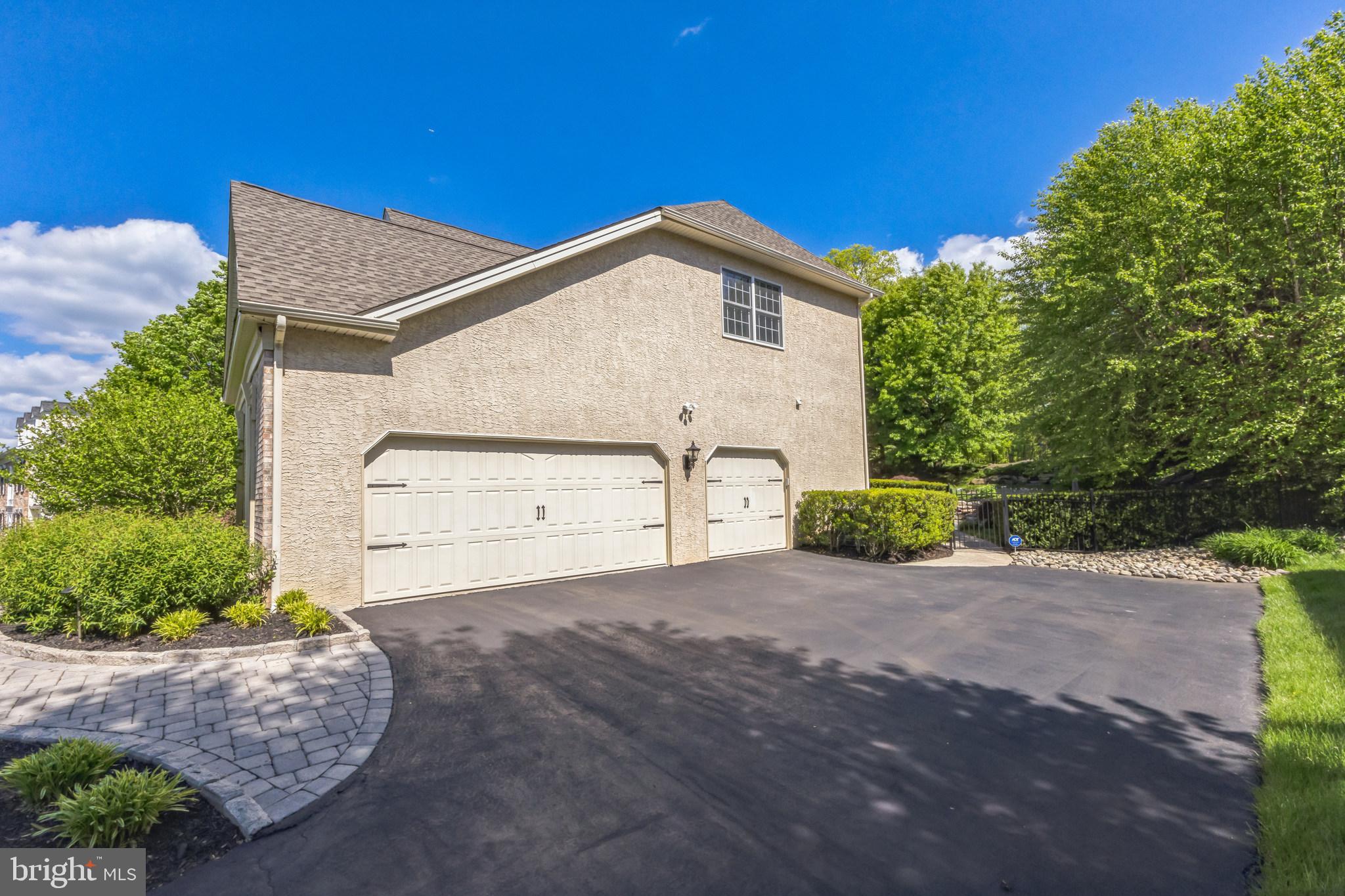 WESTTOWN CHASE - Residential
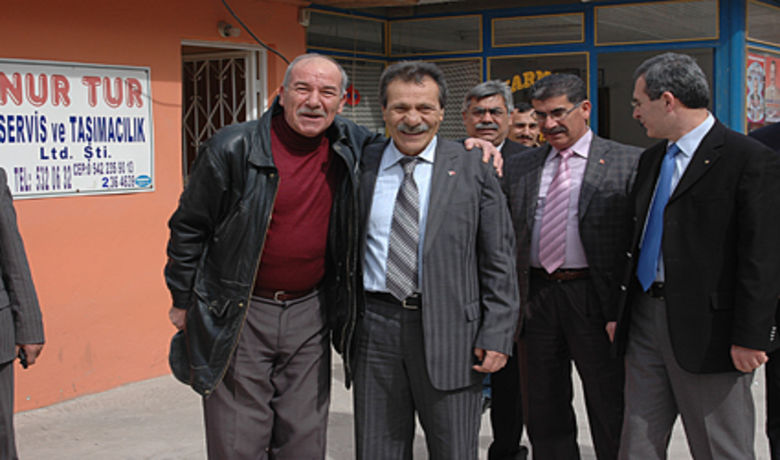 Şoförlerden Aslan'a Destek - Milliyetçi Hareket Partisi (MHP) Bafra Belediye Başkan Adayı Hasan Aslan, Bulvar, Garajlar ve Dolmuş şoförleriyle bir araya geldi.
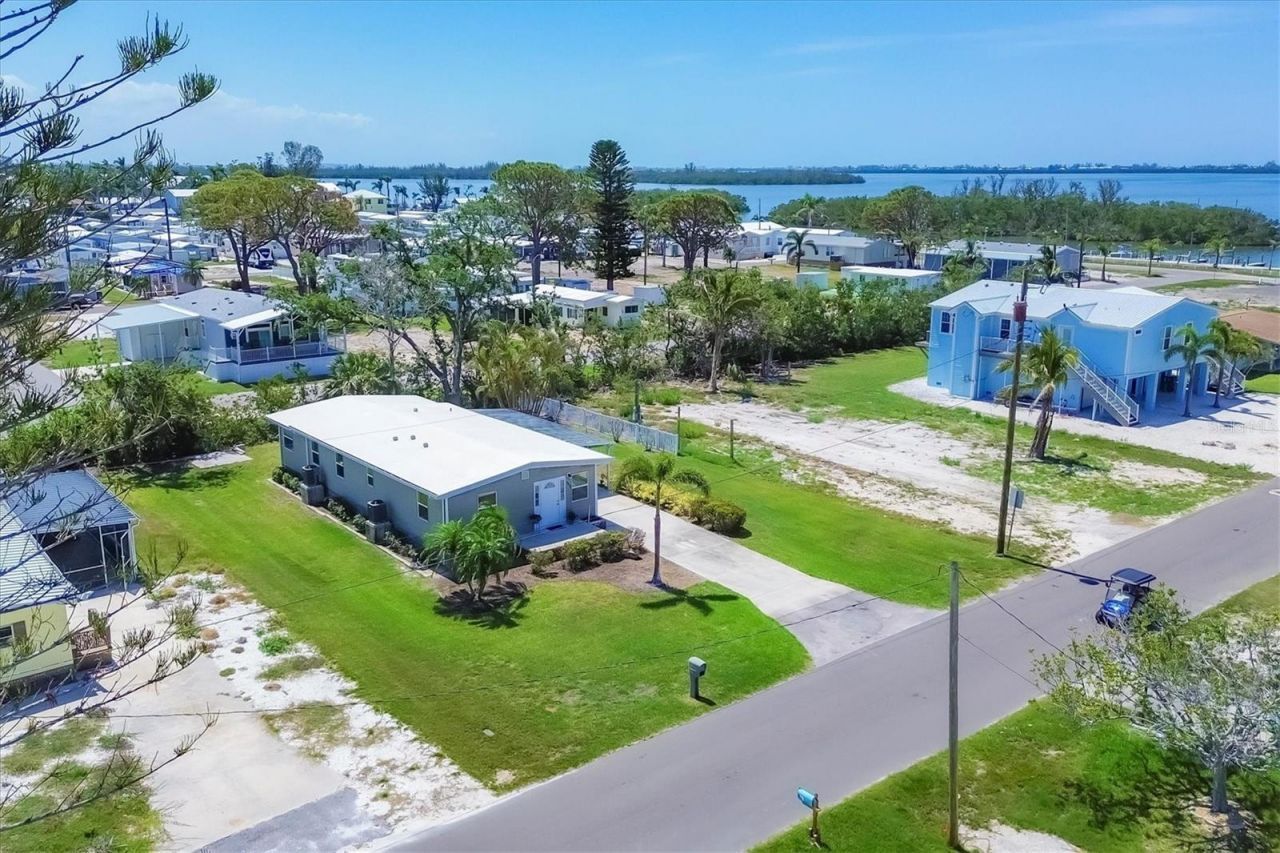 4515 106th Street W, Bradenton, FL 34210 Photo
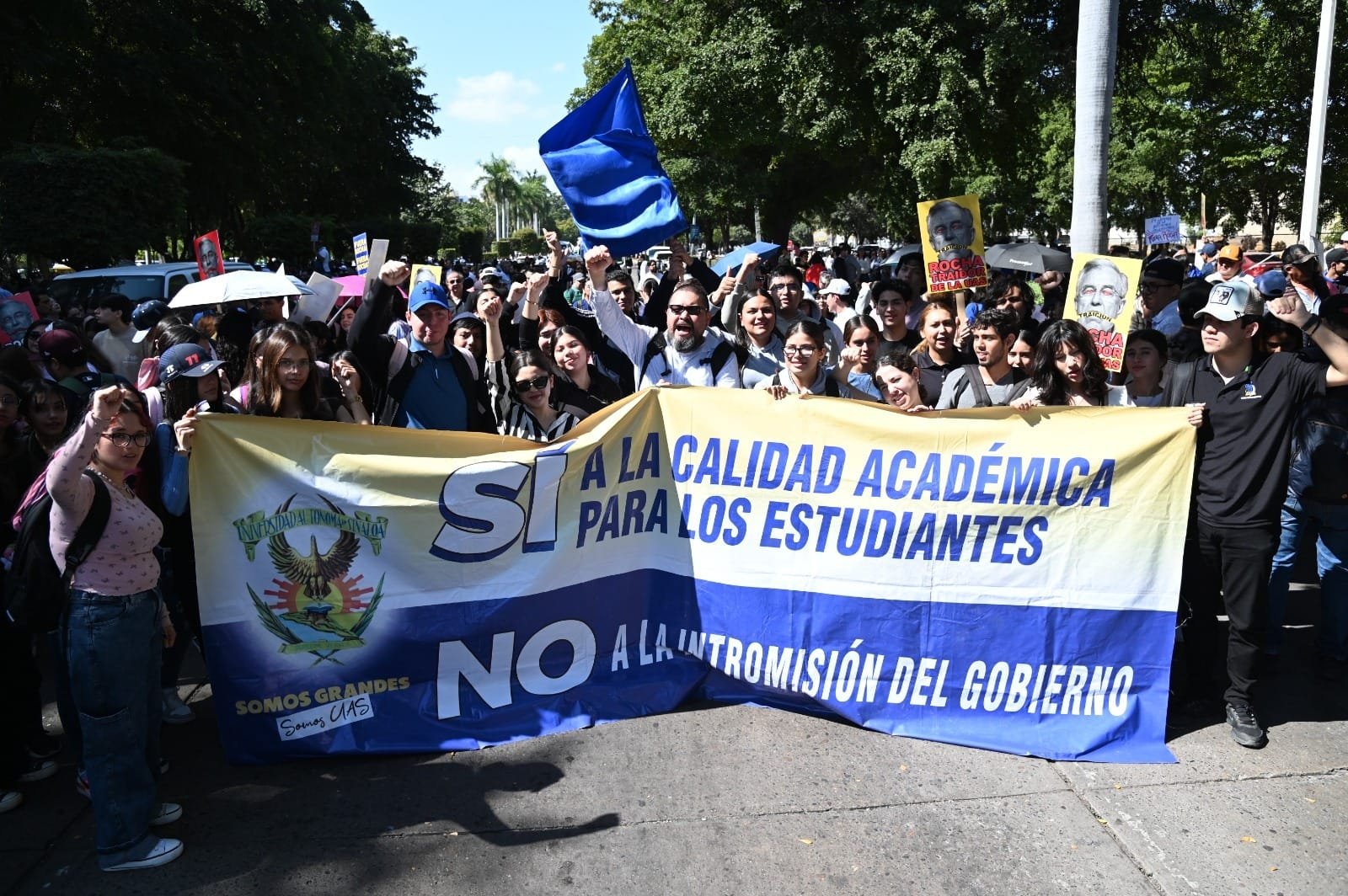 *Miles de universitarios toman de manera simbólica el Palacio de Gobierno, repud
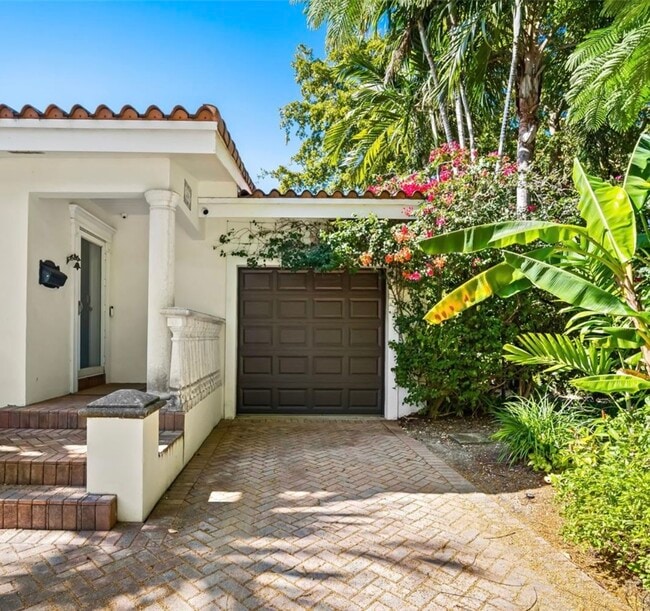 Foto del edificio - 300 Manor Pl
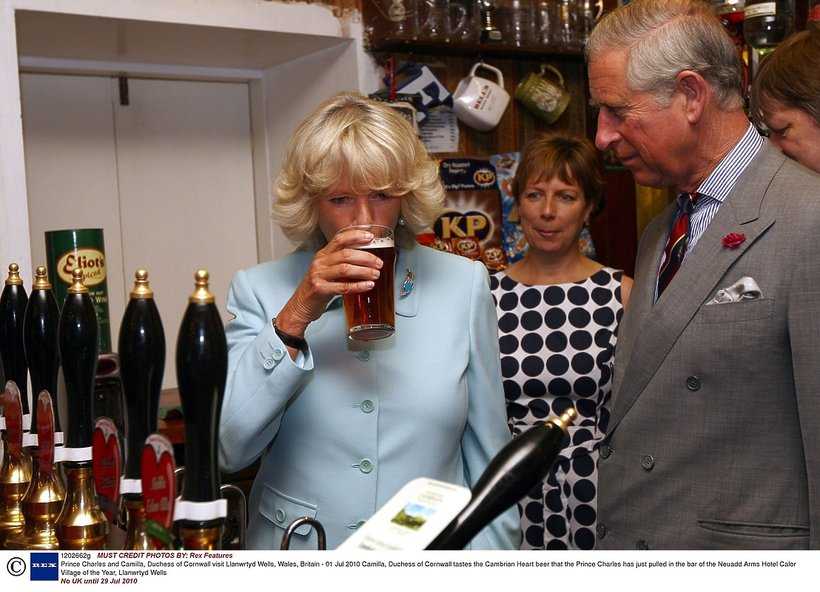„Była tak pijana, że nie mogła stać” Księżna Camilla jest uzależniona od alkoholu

YOUR INSTRUCTIONS: Transcribe the listing word for word, but keep its pictures out of the copy.

ANSWER FOR THE TASK:
 WESTTOWN CHASE - Residential
 Şoförlerden Aslan'a Destek - Milliyetçi Hareket Partisi (MHP) Bafra Belediye Başkan Adayı Hasan Aslan, Bulvar, Garajlar ve Dolmuş şoförleriyle bir araya geldi.
 4515 106th Street W, Bradenton, FL 34210 Photo
 *Miles de universitarios toman de manera simbólica el Palacio de Gobierno, repud
 Foto del edificio - 300 Manor Pl
„Była tak pijana, że nie mogła stać” Księżna Camilla jest uzależniona od alkoholu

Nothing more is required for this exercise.